CJCE, 4e ch., 27 novembre 1984, n° 258-83

COUR DE JUSTICE DES COMMUNAUTÉS EUROPÉENNES

Arrêt

PARTIES

Demandeur :

Fabrique de chaussures Brennero (SAS)

Défendeur :

Wendel GmbH Schuhproduktion International

CJCE n° 258-83

27 novembre 1984

LA COUR,

1 Par ordonnance du 12 octobre 1983, parvenue à la Cour le 18 novembre suivant, le Bundesgerichtshof a posé, en vertu du protocole du 3 juin 1971 relatif à l'interprétation, par la Cour de justice, de la convention du 27 septembre 1968 concernant la compétence judiciaire et l'exécution des décisions en matière civile et commerciale (ci-après la convention), deux questions préjudicielles relatives à l'interprétation des articles 37 et 38 de la convention.

2 Ces questions ont été soulevées dans le cadre d'un litige opposant deux entreprises de fabrication de chaussures dont l'une, Brennero, est établie en Italie et l'autre, Wendel, en République Fédérale d'Allemagne. La première a obtenu contre la seconde un jugement d'un tribunal italien dont elle poursuit l'exécution sur le territoire de la République Fédérale d'Allemagne, conformément aux dispositions de la convention.

3 Le jugement en cause a été revêtu de la formule exécutoire par le président de la quatrième Chambre civile du Landgericht Detmold qui a, en même temps, autorisé des mesures conservatoires sur les biens de l'entreprise allemande. Celle-ci ayant formé, en application de l'article 36, alinéa 1, de la convention, un recours contre cette décision, l'Oberlandesgericht Hamm a décidé, avant de statuer sur le recours, que l'exécution du jugement soit subordonnée à la constitution d'une garantie par l'entreprise italienne, même si l'exécution se limite à des mesures conservatoires.

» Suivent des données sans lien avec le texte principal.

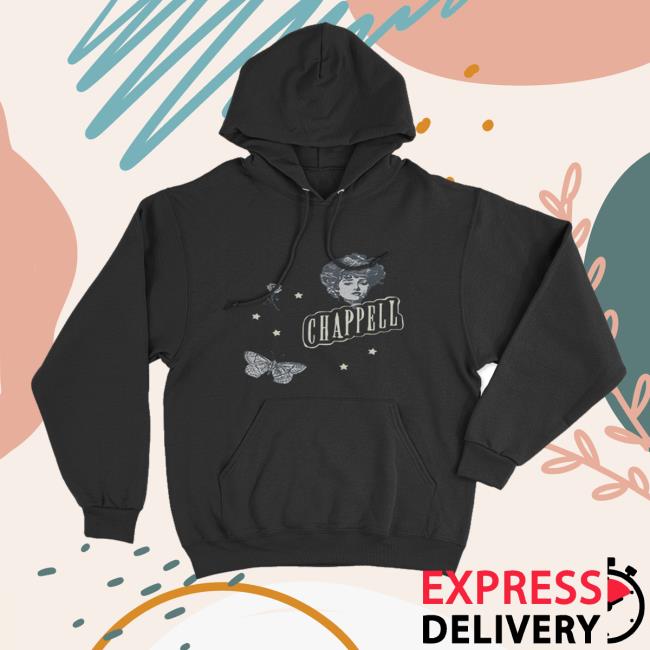 Chappell Roan Merch Store Shop Vintage Portrait Hoodie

4 Cette décision de l'Oberlandesgericht a fait l'objet d'une 'Rechtsbeschwerde', au sens de l'article 37, alinéa 2, de la convention, de la part de la firme Brennero. Celle-ci a fait valoir que la juridiction saisie d'un recours contre l'autorisation d'exécution ne saurait imposer la constitution d'une garantie sans statuer simultanément sur ce recours.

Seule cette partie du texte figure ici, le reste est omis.